Laudo aponta seis irregularidades em operações
Fabio Serapião/ Fábio Fabrini/ Julia Affonso
13/05/2017
Para investigadores, financiamentos favoreciam JBS, com perdas para o BNDES; empresa afirma que tudo foi feito seguindo todas as formalidades
A Polícia Federal deflagrou ontem uma operação para apurar suspeitas de fraude e corrupção em investimentos feitos pelo BNDES na JBS, dona das marcas Friboi e Seara. Foram cumpridos mandados de busca e apreensão nas casas do ex-presidente do banco Luciano Coutinho e dos irmãos Joesley e Wesley Batista, acionistas da empresa.
Eles também foram alvo de mandados de condução coercitiva, mas Joesley e Coutinho estavam no exterior e não foram levados a depor. No total, foram 37 mandados de condução coercitiva e 20 de busca e apreensão.
As investigações se referem a financiamentos de R$ 8,1 bilhões concedidos pelo banco à JBS para aquisição de empresas no exterior. Baseada em investigação do Tribunal de Contas da União (TCU), a PF produziu um laudo contábil financeiro no qual aponta seis irregularidades nesses repasses.

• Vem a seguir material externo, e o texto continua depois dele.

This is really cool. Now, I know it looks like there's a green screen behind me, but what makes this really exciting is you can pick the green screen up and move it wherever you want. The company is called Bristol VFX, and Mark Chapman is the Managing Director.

A operação, batizada de Bullish (termo do mercado financeiro que se refere ao movimento de elevação das ações), mostra que o BNDESPar – braço do banco que compra participações em empresas – permitiu que R$ 615 milhões injetados na JBS para a compra da americana National Beef, em 2008, ficassem com a empresa, embora o negócio não tenha se concretizado.

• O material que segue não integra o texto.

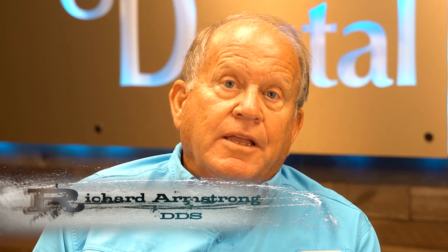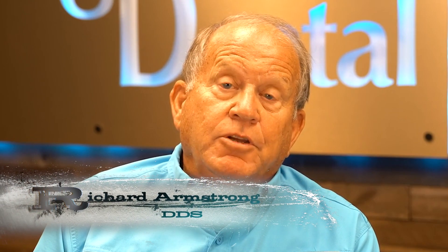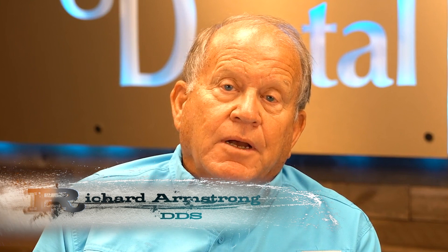Invisalign is a way of achieving a beautiful smile by wearing a series of virtually invisible clear plastic liners that gradually over time will shift the positions of your teeth. The liners fit your teeth very closely and apply gentle pressure that causes a shift in your teeth.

Segundo a PF, o valor pago pelas ações da JBS em algumas capitalizações foi superior à média ponderada da Bolsa de Valores, o que seria s um indício de favorecimento. Houve ainda, segundo os investigadores, prejuízos em operações com debêntures (título de empresas não financeiras), com conversão de ações por preço superior ao contratado e dispensa de prêmio.
O laudo da PF indica ainda que o BNDES mudou sua percepção sobre o risco do aporte de capital no grupo Bertin, que estava em dificuldades financeiras e foi incorporado pela JBS.

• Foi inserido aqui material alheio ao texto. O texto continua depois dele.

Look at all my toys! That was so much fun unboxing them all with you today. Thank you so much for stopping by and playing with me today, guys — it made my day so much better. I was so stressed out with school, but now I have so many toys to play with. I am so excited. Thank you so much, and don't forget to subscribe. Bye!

Também sustenta que o banco dispensou garantias na subscrição de debêntures da empresa dos irmãos Batista, além de aprovar negócios bilionários em prazo exíguo e sem relatórios de due diligence, espécie de avaliação administrativa e financeira do ativo a ser adquirido.
Os investigadores sustentam que há indícios de gestão temerária e fraudulenta nas operações com o BNDES, além de corrupção e lavagem de dinheiro.
Além dos mandados de condução coercitiva e de busca e apreensão, os investigados tiveram bens bloqueados e passaportes apreendidos.
Embora não tenham sido alvo de medidas judiciais, o ex-ministro Antonio Palocci (Fazenda e Casa Civil) e sua empresa, a Projeto, também são investigados, por conta de um contrato de consultoria assinado em 2009. O documento, com “cláusula de sucesso”, previa a “internacionalização” da JBS, com vistas a ingressar em “novos mercados” (leia mais na página B4).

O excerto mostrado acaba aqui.